Heinsberg: Weltliches Programm zwischen Chören und Arien

Heinsberg: Weltliches Programm zwischen Chören und Arien

Zu einer Gala der Stimmen lädt der Kammerchor Heinsberg für Sonntag, 25. Mai, in das „Rondell“ im Heinsberger Klevchen. Als Überschrift dieses außergewöhnlichen Konzertes, bei dem Chöre, Arien und Lieder von Bernstein bis Verdi im Mittelpunkt stehen, dient Giacomo Rossinis Idee der „Szene ed Arie“.

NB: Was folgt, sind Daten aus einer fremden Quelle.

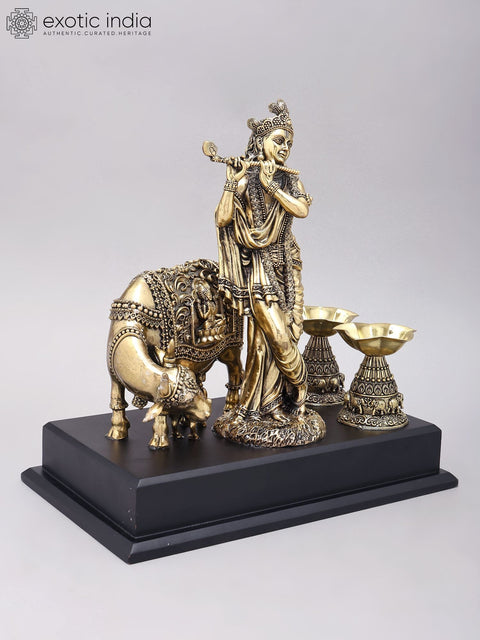 12" Superfine Fluting Krishna with Cow and Calf and Oil Lamps | Brass Statue on Wood Base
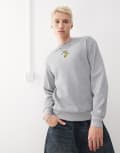 [New Era] New Era LA Dodgers floral embroidered sweatshirt in grey M GREY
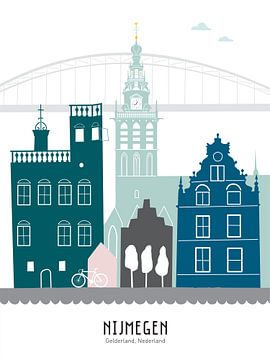 Illustration de la ligne d'horizon de la ville de Nijmegen en couleur sur Mevrouw Emmer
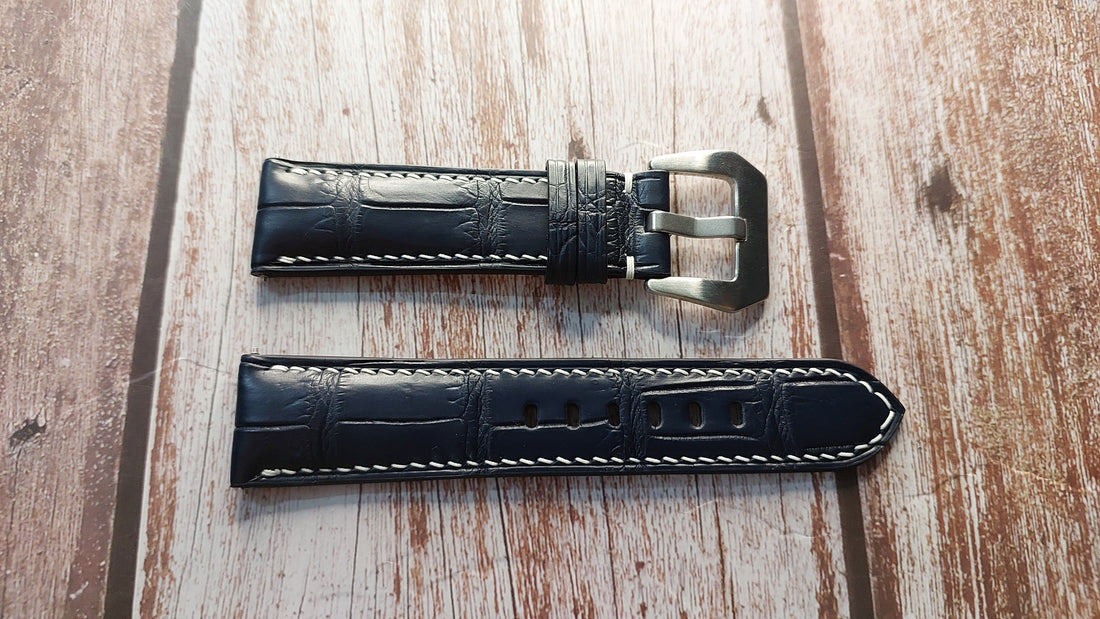 Dark Blue Full Grain Crocodile Leather Strap For Panerai Luminor Due Watch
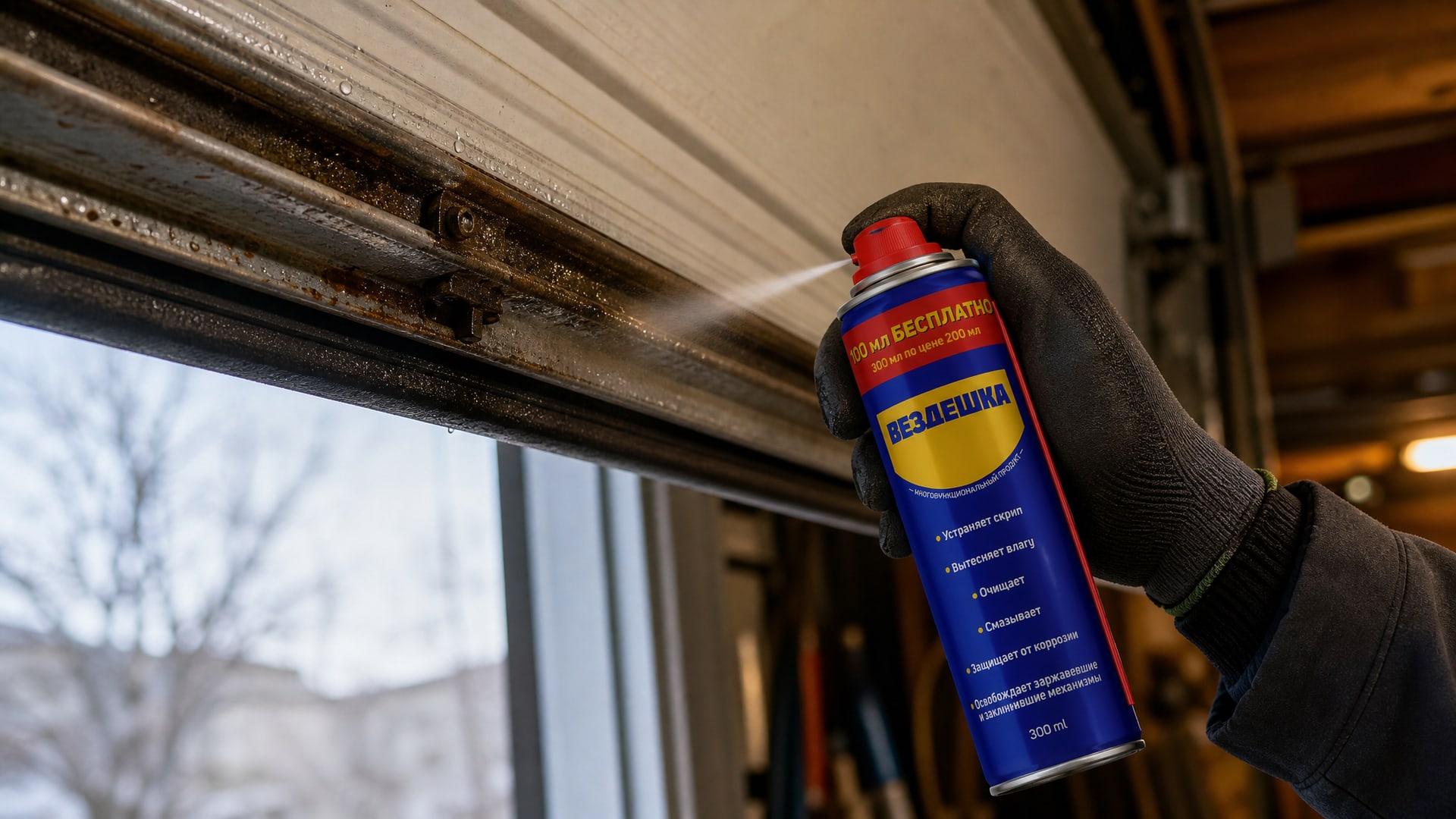 Рука в перчатке наносит универсальную смазку WD40 на гаражные ворота.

Bei dem Wechsel aus Chor-Szenen und Arien stehen neben dem Kammerchor vor allem auch die Sopranistinnen Aglaja Camphausen und Tamara Peters im Zentrum. Traditionell lädt der Kammerchor Heinsberg einmal im Jahr zu seinem großen Jahreskonzert. Dabei konnte das Ensemble der Jugendmusikschule in den vergangenen Jahren mit der Unterstützung der Raiffeisenbank Heinsberg immer wieder aufwändige Projekte realisieren und Highlights wie Händels „Messias“, Mendelssohns „Elias“, Brahms „Deutschem Requiem“ und Orffs „Carmina Burana“ zur Aufführung bringen.

Nach dem geistlichen Programm im vergangenen Jahr haben sich die Sängerinnen und Sänger unter der Leitung des Geilenkirchener Kantors Bernd Godemann diesmal wieder ein weltliches Programm vorgenommen. Und dieses Programm wird als „Heimspiel“ im Rondell im Klevchen veranstaltet, in dem der Chor auch für die Proben seine Heimat gefunden hat.

Heinsberger Eigengewächs

Seinen Programmschwerpunkt hat das Ensemble diesmal bei Chören aus den Opern Giuseppe Verdis, bei denen Aglaja Camphausen und Tamara Peters die Solopartien übernehmen. Die Kölner Sopranistin Aglaja Camphausen zeichnet sich durch eine außergewöhnliche stilistische Vielseitigkeit aus. Neben Engagements am Opernhaus in Dortmund und an der Bonner Kammeroper ist sie die Stimme des Kölner Kult-Ensembles „Schmonzetten“. In Dortmund war sie unter anderem als Mercédès in Bizets Carmen, in Bonn als Susanna in Mozarts Figaro und in Aachen als Rosalinde in Strauss´ Fledermaus zu hören.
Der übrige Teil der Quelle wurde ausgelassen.